▶ [What is needed]
Reproduce the data that follows precisely.

########

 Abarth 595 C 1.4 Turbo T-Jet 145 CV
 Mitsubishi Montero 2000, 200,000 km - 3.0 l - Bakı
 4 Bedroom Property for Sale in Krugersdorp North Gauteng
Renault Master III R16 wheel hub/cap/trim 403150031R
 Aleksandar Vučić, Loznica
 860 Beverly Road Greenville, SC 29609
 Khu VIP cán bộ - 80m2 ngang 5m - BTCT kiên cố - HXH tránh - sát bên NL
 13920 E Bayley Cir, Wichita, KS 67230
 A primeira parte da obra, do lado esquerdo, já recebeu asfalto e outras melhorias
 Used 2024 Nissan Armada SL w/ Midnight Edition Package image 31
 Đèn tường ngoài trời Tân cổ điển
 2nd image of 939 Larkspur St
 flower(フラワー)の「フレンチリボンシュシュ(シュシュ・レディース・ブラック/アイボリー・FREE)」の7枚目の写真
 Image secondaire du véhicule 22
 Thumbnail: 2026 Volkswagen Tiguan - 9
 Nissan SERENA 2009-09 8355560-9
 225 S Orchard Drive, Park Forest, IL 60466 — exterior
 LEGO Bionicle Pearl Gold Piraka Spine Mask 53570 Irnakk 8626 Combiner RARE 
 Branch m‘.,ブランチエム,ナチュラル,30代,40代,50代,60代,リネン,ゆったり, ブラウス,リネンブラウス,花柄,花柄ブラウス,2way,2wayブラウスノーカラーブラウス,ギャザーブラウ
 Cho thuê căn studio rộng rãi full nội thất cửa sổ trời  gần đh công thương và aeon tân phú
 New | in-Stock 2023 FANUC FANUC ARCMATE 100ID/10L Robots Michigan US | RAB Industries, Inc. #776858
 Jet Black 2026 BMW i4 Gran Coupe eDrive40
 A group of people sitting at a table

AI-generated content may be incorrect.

########

▶ [Answer area]
 Abarth 595 C 1.4 Turbo T-Jet 145 CV
 Mitsubishi Montero 2000, 200,000 km - 3.0 l - Bakı
 4 Bedroom Property for Sale in Krugersdorp North Gauteng
Renault Master III R16 wheel hub/cap/trim 403150031R
 Aleksandar Vučić, Loznica
 860 Beverly Road Greenville, SC 29609
 Khu VIP cán bộ - 80m2 ngang 5m - BTCT kiên cố - HXH tránh - sát bên NL
 13920 E Bayley Cir, Wichita, KS 67230
 A primeira parte da obra, do lado esquerdo, já recebeu asfalto e outras melhorias
 Used 2024 Nissan Armada SL w/ Midnight Edition Package image 31
 Đèn tường ngoài trời Tân cổ điển
 2nd image of 939 Larkspur St
 flower(フラワー)の「フレンチリボンシュシュ(シュシュ・レディース・ブラック/アイボリー・FREE)」の7枚目の写真
 Image secondaire du véhicule 22
 Thumbnail: 2026 Volkswagen Tiguan - 9
 Nissan SERENA 2009-09 8355560-9
 225 S Orchard Drive, Park Forest, IL 60466 — exterior
 LEGO Bionicle Pearl Gold Piraka Spine Mask 53570 Irnakk 8626 Combiner RARE 
 Branch m‘.,ブランチエム,ナチュラル,30代,40代,50代,60代,リネン,ゆったり, ブラウス,リネンブラウス,花柄,花柄ブラウス,2way,2wayブラウスノーカラーブラウス,ギャザーブラウ
 Cho thuê căn studio rộng rãi full nội thất cửa sổ trời  gần đh công thương và aeon tân phú
 New | in-Stock 2023 FANUC FANUC ARCMATE 100ID/10L Robots Michigan US | RAB Industries, Inc. #776858
 Jet Black 2026 BMW i4 Gran Coupe eDrive40
 A group of people sitting at a table

AI-generated content may be incorrect.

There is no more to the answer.